Um dos planos que mais gostámos foi tomar chá no Ham Yard Hotel, com um terraço de onde transmitiam Wimbledon. Tudo era muito glamoroso e, sobretudo, muito britânico.

O afternoon tea é um daqueles rituais que vale a pena viver pelo menos uma vez: uma seleção de sanduíches, chá, doces e os tradicionais scones. Eu sou uma verdadeira fã de scones e, se tiver de recomendar alguns, continuo a preferir os de Fortnum & Mason.


O hotel onde tomámos chá pertence a uma cadeia que me foi recomendada por The Bon Vivant. No entanto, para nos hospedarmos, escolhemos o Broadwick Soho, na Broadwick Street, e foi um sucesso. Os quartos são pequenos para o preço, mas a decoração é absolutamente espetacular. Cada recanto é pensado ao pormenor e transmite muito estilo.

O pequeno-almoço vale muito a pena e, além disso, no terraço está o Flute, um rooftop perfeito para tomar um cocktail ou petiscar algo enquanto desfruta do ambiente. Foi montado pelos mesmos responsáveis de El Fenn, um dos meus hotéis favoritos em Marraquexe, e isso nota-se em cada detalhe. A localização também é um dos seus grandes pontos fortes: está no coração de Soho, uma das zonas mais animadas de Londres, com tudo a um passo.


E, embora já vos tenha recomendado algumas vezes, volto sempre ao The Wolseley. Adoro a sua essência britânica, a sua elegante decoração em preto e branco e aquele ambiente clássico que faz parecer que o tempo parou. É um local imperdível para tomar o pequeno-almoço ou fazer um brunch.

Para almoçar, adorei o Three Darlings, em Pavilion Road. Tem um terraço escondido lindíssimo e um interior com muito charme, onde se destaca a cozinha aberta. Tudo estava delicioso.



Depois do almoço, vale a pena percorrer a própria Pavilion Road, uma rua cheia de encanto com uma florista linda, queijarias, talhos, peixarias, pastelarias, cafés e todo o tipo de lojas gourmet.



Lá também está o Ottolenghi, um dos meus sítios favoritos em Londres para comer. Adoro-o porque oferece comida saudável, deliciosa e rápida, tanto para sentar um pouco como para levar se tiver pressa.

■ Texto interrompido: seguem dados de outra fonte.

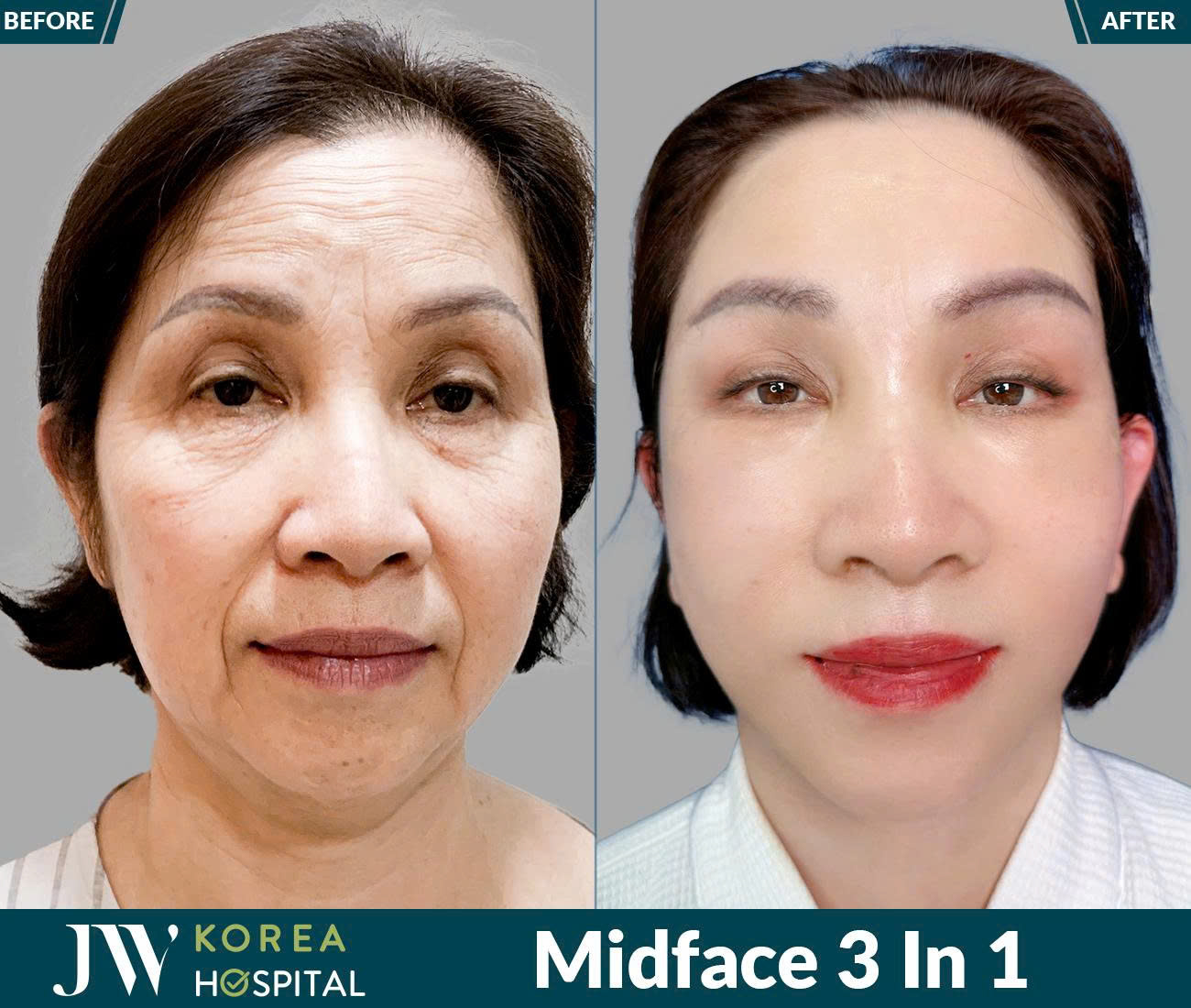 Midface 3 In 1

Muito perto também está o The Chelsea Grocery, que mudou muito desde a minha última visita. Antes tinha um ar muito mais tradicional e agora foi completamente renovado com um conceito muito mais gourmet.

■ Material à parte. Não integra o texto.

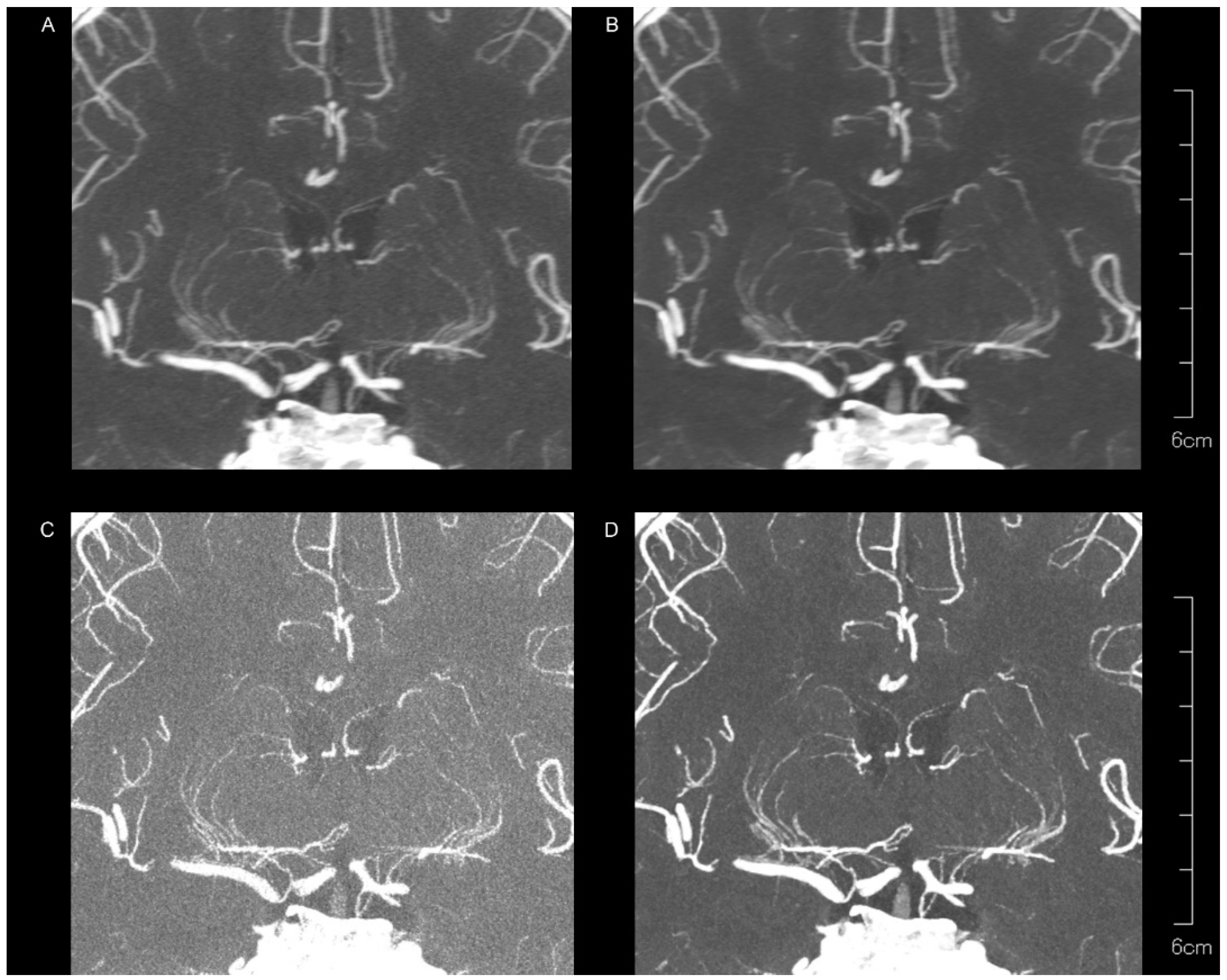 Tomography 10 00136 g003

Aproveitei para comprar groselhas espinhosas para as crianças experimentarem, já que em Espanha é muito difícil encontrá-las. Já as provaram alguma vez?

No entanto, embora valha a pena entrar para ver, também não me pareceu nada de extraordinário. Se tivesse de escolher um lugar para fazer compras gourmet, continuaria a preferir o Harrods, que para mim tem o melhor Food Hall que conheço, ou o Fortnum & Mason, que nunca desilude.
Outra paragem que me surpreendeu foi a loja Hermès, na New Bond Street. Nunca tinha entrado e, embora não tenhamos comprado nada, vale muito a pena visitá-la.
Por fora, não se imagina o que esconde: ocupa um edifício espetacular de cinco andares, construído à volta de um belo pátio central que inunda tudo de luz. Mais do que uma loja, parece uma galeria de arte, e percorrê-la já é uma experiência por si só.

Outro restaurante que está muito na moda agora é o italiano Martinos. Se forem, não deixem de pedir a curgete frita: é um autêntico imprescindível. Tudo estava delicioso e o local tem muito charme.


Como sempre, Londres consegue surpreender-me em cada viagem. Não importa quantas vezes eu vá: sempre encontro um hotel novo, um restaurante que vale a pena ou uma rua charmosa que não conhecia. Essa é uma das razões pelas quais nunca me canso de voltar.